Baye fired off an arrow at the skeleton that was up on the raised section of the chamber to the right. But while the arrow hit it seemed to do little more than alert it to her presence.
‘Bugger!’
She cried out in frustration. The skeleton began to head in her direction in a steady unwavering pace. None of the skeletons appeared to have any kind of ranged attack weapon so that meant they would have a little before it reached them. Delde though was more concerned with the two skeletons that were close to her. She could have started to run, try to find a more defensible position and attack from there. But she had another plan in mind, riskier perhaps, but if it worked, she could quickly even the odds of the fight int her groups favour. She calmed her mind. Focused it, focused the magic around her. She had never actually cast this spell before; it did have a good chance of creating a great deal of collateral damage if it hit the wrong thing and she didn’t have many places to practice it. But she did know it, she understood the principles behind it and how to cast it. She stretched out her right hand before her, her left still clenching her staff and let forth a great gout of fire, one that engulfed the two approaching skeletons like dead trees in a forest fire. Delde smiled at her realised power and her grip on her staff relaxed for a moment.
It tightened again when the fire dissipated though, and the two skeletons remained standing, continued approaching, scorched, singed but not destroyed. The blackened skulls of the two oncoming monsters seemed to grin as they got closer.
‘You creatures… you are a perversion of the natural order of the world, a defilement of this sacred place. You exist only to hurt, to kill, to destroy the lives and works of others and you are utterly incapable of even realising this let alone repenting for it! Hear me now! I am Adriana Uptal, cleric of Sarenrae and your presence here shall be tolerated no longer! Let the light of the Dawnflower give succour to the merciful and scourge the wicked! FOR SARENRAE! FOR KASSEN!’
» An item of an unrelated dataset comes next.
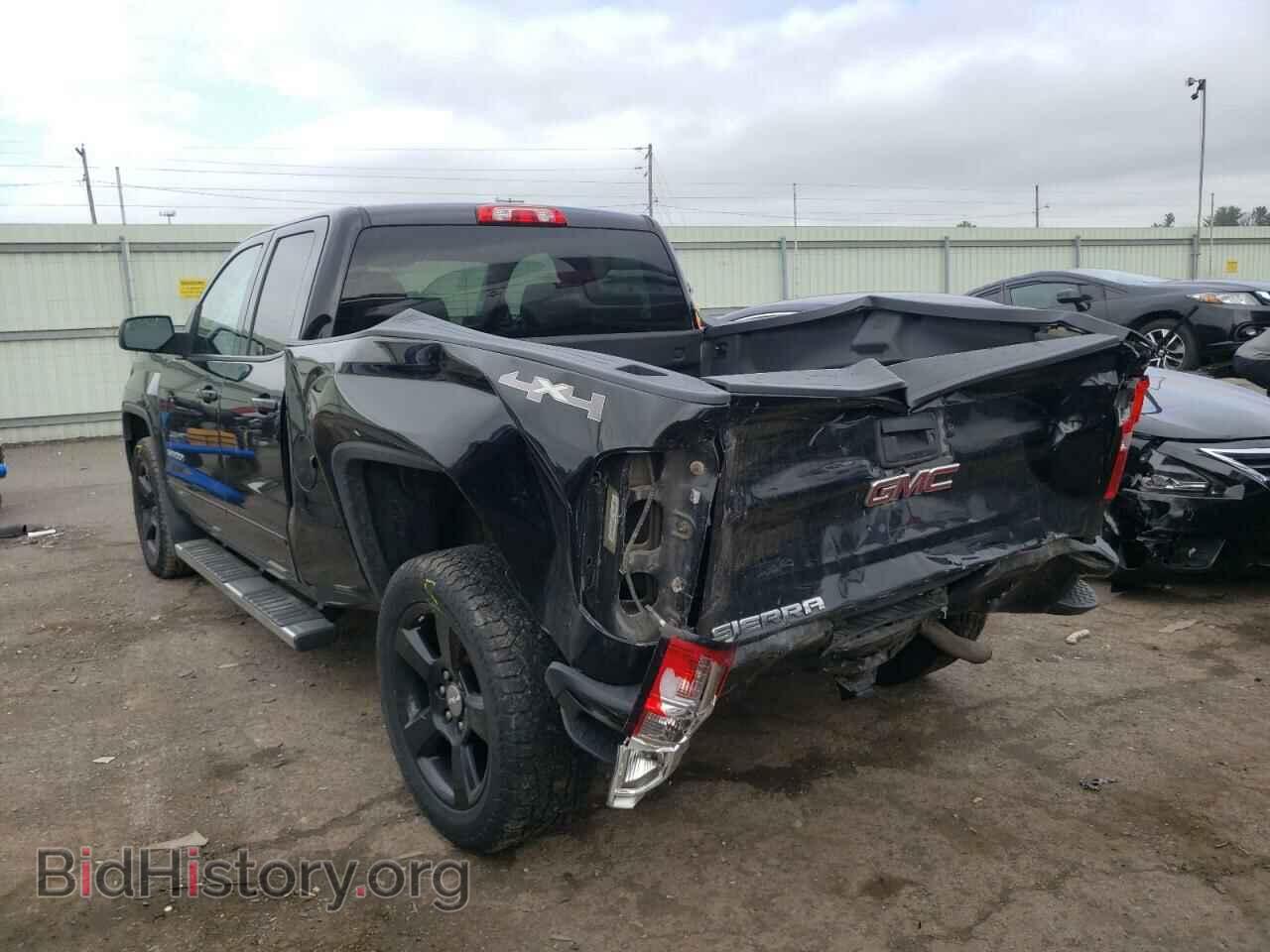 2015 GMC SIERRA - VIN: 1GTV2TEC2FZ416088 - Фото 3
Adriana held forth her holy symbol of her goddess with pride and the utmost certainty that it would not only protect her, not only protect the rest of the group, but avenge the poor souls who lost their lives at the blades and claws of the approaching undead. It was a faith that Delde had never been able to muster for any deity, not even Nethys the god of magic could evoke such absolute conviction in her heart. Delde had always looked upon such faith dismissively, feeling that such belief should be reserved for what you could do yourself, not given to other outside forces. But looking at Adriana in that moment, surrounded by foes yet utterly unflinching, she understood the power that such faith could give a person.
But Adriana had not just called out a battle cry, nor an empty prayer to her goddess. The polished wooden ankh in her hands began to glow with a golden light that struck a balance of being both soft yet powerful. The light spread out through the chamber and as Delde felt it touch her all the aches and pains she had faded, healed by the grace of Sarenrae, just as it had been when Adriana had healed her for the first time. But the light was not solely beneficent. As it washed over the skeletons there was a sharp hiss as their bones began to emit a pale white smoke as they shook. The effect reminded Delde of her experiments with acids, though without the chemical smell and the ruined desk.
The damage that Adriana’s holy invocation inflicted seemed to overwhelm the skeleton that Igmar had been fighting alongside the two that Delde had managed to char, to her immense relief. All the other skeletons seemed to have been harmed from the attack as well, even if they didn’t show any sign of stopping their attack. But with one move Adriana had managed to turn the battle from five on six, to five on three, much better odds for Delde’s liking. She had to admit that while she still felt that the arcane magics that she practiced were still somewhat superior in most regards, divine magic did have certain advantages when fighting against the undead.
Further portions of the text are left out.